2. In the same way than I did for a past article, I exceptionally decided to reserve all rights when it comes to these photographs (other pictures that I publish on this blog are licensed under creative commons), as I’m wary that their use could be instrumentalized for political ideologies with which I fundamentally disagree. If you would like to use them, feel free to send me an email to ask for authorization (info.funambulistATgmailDOTcom).
This article can be read in the continuity of the one entitled “Mud, Water & Steel: Migrant Bodies, Policed Environment and Humanitarian Architecture in Calais,” published on January 14, 2016. It constitutes an attempt to organize a few thought after a visit to Calais and Dunkirk yesterday. These thoughts do not address the individual and collective experiences of duress of the refugees who currently live in Calais’s so-called “Jungle” and Dunkirk’s Grande Synthe encampment but, rather, the massive deliberate means undertaken by the national and local authorities to write a new chapter of hardship for them. This rejoins an intuition that I have been able to express here in the past: when it comes to refugees, a radical politics that the European Union could adopt is…doing nothing. By this provocative statement, I mean that a significant part of hardship that refugee individuals and families currently experience is due to the various means deployed against them by the European Union (borders, walls, police harassment, and racism) and that the dismantlement of these means would drastically transform their daily lives and endeavors. This is not to say that their flee from various forms of individual and collective persecution should be met with indifference, but simply that the efforts that are currently put in antagonizing migrants and refugees are much greater than the ones necessary to provide adequate welcoming conditions to their temporary or permanent resettling.
Hyper securitized fence set up along the highway adjacent to the Jungle and leading to the port. The figure and vehicles are part of one of the many police squads punctuating the fence’s course. The graffiti on the stones reads “Have a Dream.”
In the case of Calais, the following photographs illustrate several forms of embodiment of the antagonizing efforts. What strikes the most is the overwhelming police presence. Vans from the gendarmerie nationale (police force of the army), full of riot-geared officers are visible everywhere around the Jungle, in the port, and within the city center. An helicopter also patrols the sky, to potentially spot bodies trying to access the port (or further away, the channel tunnel). Such an access would prove particularly difficult since triple layers of barbed-wire fences and punctuated with surveillance cameras have been set-up along the four kilometers that separates the Jungle from the ferry terminal (a quick look at the Google Streets pictures taken in 2008 illustrate well the radical difference with the current situation). This fence, probably because of its shortness in comparison to the walls materializing the borders between the United States and Mexico or the one between Hungary and Serbia, is however nothing less than the highly securitization of the border between France and the United Kingdom, to the exact same degree than the two instances cited here.

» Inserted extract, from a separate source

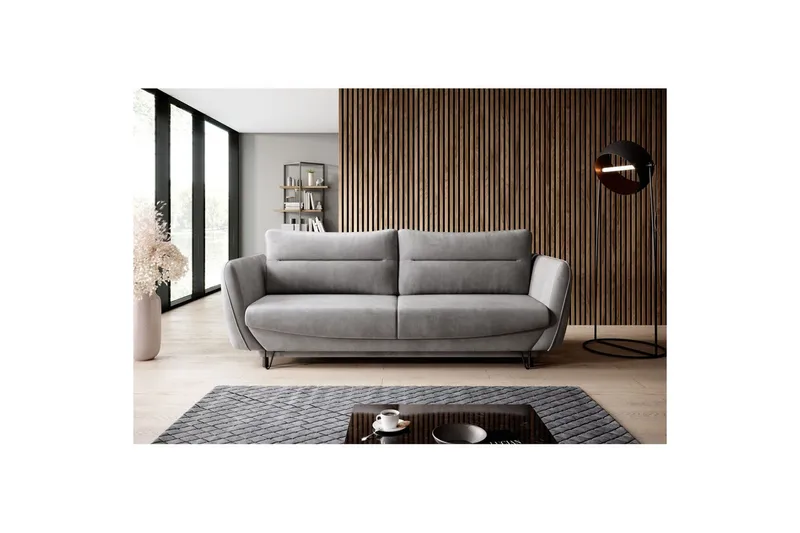 Sohva Eltap Silva 236x95x90 cm - Nube 3, Harmaa - Huonekalut - Sohva - Vuodesohva - 3 istuttava vuodesohva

Newly built container highly controlled refugee camp in the Jungle
The recently assembled 125-container camp for a few hundreds of the 6,000 refugees that currently live in the Jungle, despite its humanitarian claims (or more likely, thought them) is also part of this antagonizing strategy, as we saw it in the “Mud, Water, and Steel” article. Beyond the extreme poverty of design of these containers and the inopportune symbol that they convey of bodies one would like to conveniently ship back to where they come from, beyond even the non-existence of any sense of urbanity (rigid alignment, no social space, etc.), there is the dimension of absolute control that rules its space. The camp is surrounded by a fence and its access is made by palm-recognition through this device — I was forbidden to take a photograph of it — under the supervision of employees, I had trouble identifying between humanitarian or security workers (of course, opposing them is ignoring the function of state-mandated NGOs). At the entrance of this camp, just like at the one of the service complex, a bit further, both operated by the NGO La Vie Active whose conditions of selection by the State remains unclear, the employees at the gates refuse to answer questions, let alone to grant access to regular citizens wanting to inspect the conditions of live provided by the premises.
Of course, security is a non-negligible dimension of such a place, in particular when a part of its selected population is made of women and children (raising other problematic aspects as exposed in the previous article). However, this dimension (as well as the others) needs to be addressed in the terms of its concerned actors, not imposed as a pre-thought condescending solution, informed by various forms of prejudices and the clear will to keep deplorable living conditions as deterrent to potential future settling. The only legitimate strategy that could have been applied here, in a situation that (we should not forget it) only exists through the application of illegitimate enforcement of borders, would have consisted in providing the totality of technical, material and infrastructural instruments to construct an immanent urbanity. In view of the drastic economic, material and human investment deployed for the antagonizing control and suppression of the 6,000 inhabitants of the Jungle, such a strategy would have not been difficult to implement.
PHOTOGRAPHS OF THE SITES DESCRIBED IN THIS ARTICLE /// (all photographs by Léopold Lambert for The Funambulist / all rights reserved, for reasons explained above (February 2015)) Special thanks to Joséphine Larere and Hicham Filali.
- Calais’s port and its layers of fences:
- Calais’s “Jungle” – The container camp:
The Shakespeare Globe Company presenting their interpretation of Hamlet, in front of 300 people (see article in The Guardian).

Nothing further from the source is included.